Jakubowicz loves the montage-laden zip of a boxer’s rise, but too much of the movie’s first half feels standard-issue: the swirl of national pride, aggression, and growing success all blending into something generic rather than gripping. (Felicidad, in particular, quickly becomes a biopic accessory rather than one-half of a long, fraught marriage.)
Ramírez (“Carlos”) isn’t necessarily the first person you’d think of to play Duran. The Venezuelan actor’s cagey prettiness seems antithetical to the raw, bulldog masculinity of his hotheaded subject, who always kept a piece of the streets inside him. But Ramírez is too good an actor not to make it work, even if his best moments come late, when the glorified machismo is given a breather and Jakubowicz allows the meaty question of what drives a champion boxer some welcome dramatic space.
This question is explored most deeply in the months between Duran’s 15-round defeat of Sugar Ray Leonard (Usher Raymond) in Montreal and the infamous rematch at the Superdome; the latter bout’s massive payday probably wasn’t in the best interest of the defending champ, who had since replaced the literal and metaphorical fighter’s appetite with a literal one. Finally achieving fame and wealth, Duran could now buy the luxury to stuff himself, and Ramírez gets at the hungry boy still inside the man, scarfing down plates of food to his team’s dismay in a scene that carries a whiff of both humor and consumptive doom.
DeNiro, meanwhile, star of one of the all-time great boxing films (“Raging Bull”), turns in a wholly satisfying late-career performance during a time when many have (appropriately) derided his paycheck-cashing job choices. His loose, soulful take on Arcel as a once-bitten, wise trainer eager to turn Duran into an exemplar of the sport he loves is full of wry, overlapping exchanges and fatherly gestures. (Arcel insisted on combing Duran’s hair between rounds as a way of psyching out his opponent with groomed freshness.) Putting away his great-actor tics and exhibiting some natural, genuine charisma, De Niro shines as he hasn’t in years, even when saddled with crammed-in subplots involving the mob that once owned him (represented by a hushed John Turturro) and a drug-addicted adult daughter.
It’s regrettable that a movie supposedly about Roberto Duran always feels jumbled and lost without De Niro’s Arcel around, despite the fact that Duran fought in four different decades, and well past Arcel’s time with him. Usher’s spirited, high-wattage mini-portrait of Leonard alone is crisp enough to make you want to see a whole movie just about the gamesmanship surrounding the two fighters’ famous matchups.

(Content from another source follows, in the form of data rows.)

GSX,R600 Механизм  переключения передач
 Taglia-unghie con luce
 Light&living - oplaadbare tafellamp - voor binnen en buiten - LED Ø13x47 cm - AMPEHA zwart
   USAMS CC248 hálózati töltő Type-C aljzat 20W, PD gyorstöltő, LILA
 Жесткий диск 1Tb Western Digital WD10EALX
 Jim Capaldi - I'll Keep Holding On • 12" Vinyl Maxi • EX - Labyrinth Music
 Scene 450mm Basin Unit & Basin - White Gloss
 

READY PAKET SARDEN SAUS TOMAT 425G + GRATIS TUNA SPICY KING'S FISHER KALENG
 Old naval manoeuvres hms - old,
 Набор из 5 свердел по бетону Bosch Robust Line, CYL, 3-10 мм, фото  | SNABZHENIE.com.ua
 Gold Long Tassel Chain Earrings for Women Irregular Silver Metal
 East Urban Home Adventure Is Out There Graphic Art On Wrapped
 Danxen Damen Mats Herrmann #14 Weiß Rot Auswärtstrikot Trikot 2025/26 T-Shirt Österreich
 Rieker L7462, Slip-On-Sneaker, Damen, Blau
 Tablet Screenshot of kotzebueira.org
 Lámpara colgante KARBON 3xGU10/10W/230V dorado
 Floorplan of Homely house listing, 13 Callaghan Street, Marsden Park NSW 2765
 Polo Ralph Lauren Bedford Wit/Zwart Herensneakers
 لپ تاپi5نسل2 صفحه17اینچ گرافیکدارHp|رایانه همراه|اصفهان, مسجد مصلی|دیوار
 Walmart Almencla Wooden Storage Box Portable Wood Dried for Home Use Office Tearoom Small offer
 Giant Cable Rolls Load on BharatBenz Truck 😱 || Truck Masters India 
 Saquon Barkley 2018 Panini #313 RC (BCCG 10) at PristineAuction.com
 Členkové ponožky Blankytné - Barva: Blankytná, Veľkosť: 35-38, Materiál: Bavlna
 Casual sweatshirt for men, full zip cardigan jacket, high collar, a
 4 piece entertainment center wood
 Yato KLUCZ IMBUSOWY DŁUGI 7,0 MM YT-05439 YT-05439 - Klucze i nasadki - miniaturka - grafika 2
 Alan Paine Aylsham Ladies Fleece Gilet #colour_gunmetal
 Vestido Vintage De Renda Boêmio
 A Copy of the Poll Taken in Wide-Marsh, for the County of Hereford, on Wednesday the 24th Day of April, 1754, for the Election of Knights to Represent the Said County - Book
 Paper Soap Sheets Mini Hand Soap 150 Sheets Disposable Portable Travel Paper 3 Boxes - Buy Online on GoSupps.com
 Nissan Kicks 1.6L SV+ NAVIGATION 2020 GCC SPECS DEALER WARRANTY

Even more dispiriting, “Hands of Stone” — whose fight scenes are energetic but sloppily edited and hardly stylish — fumbles the backlash to Duran giving up in the eighth round of that Superdome re-clash. We never get the dramatic autopsy worthy of so intensely debated a moment in boxing, just the express train to redemptive uplift. It leaves the movie feeling like a promising boxer before the training: jumpy, quick to hit, loaded with potential, but too unruly to go the distance.